New Windshield Improves Vehicle Interior Cabin Noise and Articulation Index

Sound and Vibration, Dec 2003 by Lu, Jun, Pyper, Jay

Acoustics plays an ever-increasing role in the automotive industry, particularly in the quest for a quieter passenger cabin. Consumers equate quiet with quality, as shown in the J.D. Power and Associates 2002 Vehicle Acoustics Study, and the OEM that can provide a quieter passenger cabin will gain a competitive edge in the marketplace.

One new factor contributing to consumer demand for quieter vehicles is the increasing use of telematics within the vehicle including voice-activated technology and cell phones. It is now important that OEMs examine all possible ways to reduce road and wind noise as well as structure-borne noise penetrating the cabin to levels where the human ear can easily and comfortably hear speech.

The intelligibility of speech is defined as the accuracy with which a normal listener can understand a spoken word or phrase. Speech has a dynamic range of about 30 dB in each 1/3-octave band from 200 to 6000 Hz, and the long-term rms overall sound pressure level at the speaker's lips is about 65 dB. The Articulation Index (AI) is a measure of speech intelligibility in continuous noise. It ranges from 0 to 1, corresponding to 0% and 100% intelligibility, respectively. AI determines a ratio between the received speech signal and the level of interfering noise. Speech intelligibility is based on this signal-to-noise ratio, which is determined by calculations within 18 1/3-octave bands or other appropriate methods described in ANSI S3.5. A higher ratio indicates greater speech intelligibility. For example, AI of 0.3 or below is considered unsatisfactory; 0.5 to 0.6 is satisfactory; and greater than 0.8 is excellent.

Within every acoustic environment, there is always a certain degree of ambient background noise present that interferes with the speech signal. This reduces the signal-to-noise ratio and the receiver must significantly concentrate on the speech in order to hear it with any degree of accuracy. Therefore, reducing noise entering the cabin that is contributing to ambient noise would be beneficial in enhancing speech intelligibility.

While many vehicle manufacturers inelude noise-reducing structures and packages in the production phase of the vehicle, a pervasive weak link in Noise Vibration and Harshness (NVH) solutions for vehicles is the glass. In particular, the vehicle's windshield. Previous efforts of the automotive industry to improve cabin NVH have rarely focused on designing the windshield for improved interior acoustics.
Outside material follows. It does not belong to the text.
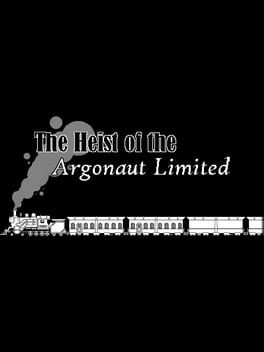 The Heist of the Argonaut Limited Cover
Acoustic energy can be transmitted rather easily through the vehicle's windshield compared with other passenger compartment boundaries. At high operating speeds, strong aerodynamic pressure fluctuations around the windshield cause the glass surface to radiate noise to the vehicle's interior. In addition, impinging airflows on panel edges and bends in the vehicle's exterior can generate acoustic noise with subsequent transmission to the vehicle interior. The transmission of airborne noise generated by adjacent moving vehicles and structure-borne noise created by structural vibrations of the car body contribute to the noise transmission of windshields. Given this information, automotive glazing now becomes a primary focus as a transmission path to the vehicle interior for road and wind noise, external airborne noise and structure-borne noise.

The standard laminated glass windshield was first introduced for the safety benefit of providing occupant retention in the event of a crash. It also has proven vibration damping characteristics. Laminated glass consists of a 'sandwich' of a tough, polyvinyl butyral (PVB) interlayer bonded between two sheets of glass under heat and pressure. The PVB interlayer damps vibrations in the glass and, in automotive applications, produces a significant reduction in road and wind noise. Remarkably thin, the 'sandwich' ranges between 3.8 to 5.2 mm in thickness, depending upon its application, and weighs about 11% less than tempered glass of similar thickness. This weight reduction becomes important in overall vehicle design given OEMs' concern with vehicle weight.

The typical approach for an acoustics solution with glass is to increase the thickness of the glass. Yet, this approach provides limited benefits in terms of attenuating cabin noise and is not a viable solution based on the weight and fuel economy concerns of the automotive industry. With the increasing demand for even quieter automotive interiors without adding weight to the vehicle, there is a strong demand for improved control of NVU via the windshield through product design at equivalent or lesser weight than that of standard windshields.

The acoustic performance of tempered glass and standard windshields made with PVB can be characterized by the Sound Transmission Loss (STL). The STL of tempered glass alone of varying thickness corresponds to the basic sound transmission behavior of a sound barrier with the response at low frequencies being determined by the panel's static stiffness. Since glass reacts best to excitation frequencies that match its natural frequencies, the low internal damping of tempered glass produces resonances that dramatically decrease STL. Sound transmission follows the mass law of acoustics above the resonant frequencies and is dictated by the mass or surface density of glass. In this mass-controlled region, the transmission loss increases approximately 6 dB by doubling its surface density or frequency.